# Fish ID please



## Huff (Jan 17, 2008)

One of my friends sent me this picture, Anyone know what this is?


----------



## 82whaler (Sep 28, 2007)

Lizard Fish


----------



## FLbeachbum (Jul 17, 2008)

I think that's a lizard fish


----------



## fisheye48 (Sep 28, 2007)

looks like a lizard fish...and a decent sized one too


----------



## Kim (Aug 5, 2008)

It's also a great Grouper bait!


----------



## Chris V (Oct 18, 2007)

Yep, the Inshore Lizardfish. I won't say what the shrimpers call them.


----------



## ycanti (Jul 13, 2011)

Bait thief


----------



## stinkeye (Mar 15, 2010)

I caught a few of those down in Mexico on the pacific side by Ixtapa, they have a nasty set of teeth!


----------



## Johnms (Nov 29, 2010)

Kim said:


> It's also a great Grouper bait!


Really?

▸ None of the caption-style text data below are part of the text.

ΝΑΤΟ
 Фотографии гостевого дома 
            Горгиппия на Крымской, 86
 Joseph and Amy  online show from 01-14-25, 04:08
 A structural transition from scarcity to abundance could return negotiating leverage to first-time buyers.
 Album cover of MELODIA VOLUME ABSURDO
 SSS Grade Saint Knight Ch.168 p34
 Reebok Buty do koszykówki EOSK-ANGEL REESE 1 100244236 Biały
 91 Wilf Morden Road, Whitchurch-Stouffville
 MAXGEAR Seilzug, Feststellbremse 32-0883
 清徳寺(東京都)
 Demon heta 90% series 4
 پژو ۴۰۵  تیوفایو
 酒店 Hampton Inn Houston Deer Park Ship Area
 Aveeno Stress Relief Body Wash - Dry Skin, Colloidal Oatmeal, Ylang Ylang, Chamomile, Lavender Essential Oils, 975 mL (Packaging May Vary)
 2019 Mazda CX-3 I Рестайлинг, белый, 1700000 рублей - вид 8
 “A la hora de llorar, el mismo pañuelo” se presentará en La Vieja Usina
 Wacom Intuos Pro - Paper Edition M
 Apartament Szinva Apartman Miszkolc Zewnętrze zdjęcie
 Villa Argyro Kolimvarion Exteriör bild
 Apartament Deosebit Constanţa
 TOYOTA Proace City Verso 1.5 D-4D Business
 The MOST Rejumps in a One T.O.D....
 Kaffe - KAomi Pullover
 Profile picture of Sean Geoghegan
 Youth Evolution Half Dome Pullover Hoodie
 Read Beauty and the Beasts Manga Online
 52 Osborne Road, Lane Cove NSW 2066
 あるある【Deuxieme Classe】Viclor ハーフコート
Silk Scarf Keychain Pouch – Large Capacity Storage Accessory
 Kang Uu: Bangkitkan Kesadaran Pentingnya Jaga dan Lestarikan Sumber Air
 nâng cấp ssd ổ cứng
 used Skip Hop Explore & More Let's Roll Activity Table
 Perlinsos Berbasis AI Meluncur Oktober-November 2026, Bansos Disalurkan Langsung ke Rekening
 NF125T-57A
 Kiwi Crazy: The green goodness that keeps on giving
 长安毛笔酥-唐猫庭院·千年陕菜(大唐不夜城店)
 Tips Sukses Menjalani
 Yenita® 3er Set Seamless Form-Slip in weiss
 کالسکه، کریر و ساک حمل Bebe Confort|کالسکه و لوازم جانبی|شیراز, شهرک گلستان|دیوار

Might hang onto the next one.


----------



## devinsdad (Mar 31, 2010)

Chris V- I used to work on a shrimp boat off the Texas Coast as a kid and was the one always to laugh when the old verteran shrimper deckhands called them by their slang-name.
Too funny! Won't post it here but it is still funny!


----------



## Jighead (Feb 11, 2009)

Gulp tail remover


----------



## aquatic argobull (Mar 2, 2009)

Caught 2 on "gotcha" lures yesterday. I've never seen them before then. They were not even twice the size as the gotcha...


----------



## WW2 (Sep 28, 2007)

I have caught one the same size on a stretch 25.


----------